Soon after hiring Hunter in February 2000, Fairbanks Memorial fired her for lying on her application. She then surrendered her three nursing licenses to the state. Prosecutors alleged that she used more than 20 aliases to defraud individuals and companies.
Assistant U.S. Attorney Karen Loeffler in Anchorage says Hunter was expelled from the University of Portland (Ore.) School of Nursing in 1992 and never completed her nursing degree. In addition to misrepresenting herself as a nurse, Hunter allegedly forged documents saying she was a bone-marrow transplant patient in order to obtain free air travel.
Accountants no more
So you think you know what GAO stands for? Often inaccurately called the Government Accounting Office instead of its real name, the General Accounting Office, the congressional watchdog agency has long labored under a name that ill suits its real role. Under a law signed by President Bush July 7, the agency's name has changed, but its acronym has not. Only time will tell if the change adds to the confusion or clarifies matters.
The new name is the Government Accountability Office. Along with the name change, the law creates a new compensation system for the agency; instead of paying employees according to the federal employee pay system, the agency will pay based on performance and other factors. The GAO can also offer workers early retirement and buyouts. Sponsors say the change will give the agency greater flexibility to attract and retain talent as well as flexibility with its budget during lean years.
Changes to the agency came as a result of legislation proposed a year ago by Rep. Jo Ann Davis (R-Va.) and Sen. George Voinovich (R-Ohio). The agency was created in 1921 primarily to audit the spending of federal agencies, but its duties have been expanded to include program evaluation and policy analysis.
The name change "reflects what we do. We're not accountants," says Laura Kopelson, a spokeswoman for the GAO.
They're no Commies
At least GAO is a short acronym. The healthcare industry has earned a well-deserved reputation for nearly matching the military in the universal acceptance of impenetrable, lengthy shorthand.
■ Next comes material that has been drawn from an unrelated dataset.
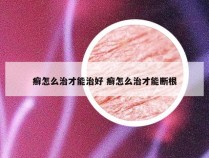 癣怎么治才能治好 癣怎么治才能断根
Few, however, are tougher on the tongue than ACEHSA-otherwise known as the Accrediting Commission on Education for Health Services Administration. The pronunciation alone is a bit tricky-it's a-KEE-sa.
Now, just when Modern Healthcare has finally managed to commit this name, acronym and pronunciation to memory, ACEHSA's leaders have decided to change the official title. Forthwith, ACEHSA will now be known as the Commission on Accreditation of Healthcare Management Education, or CAHME. And that is not pronounced like the derogatory abbreviation for a card-carrying member of the Communist Party, either; it's more like "kammy."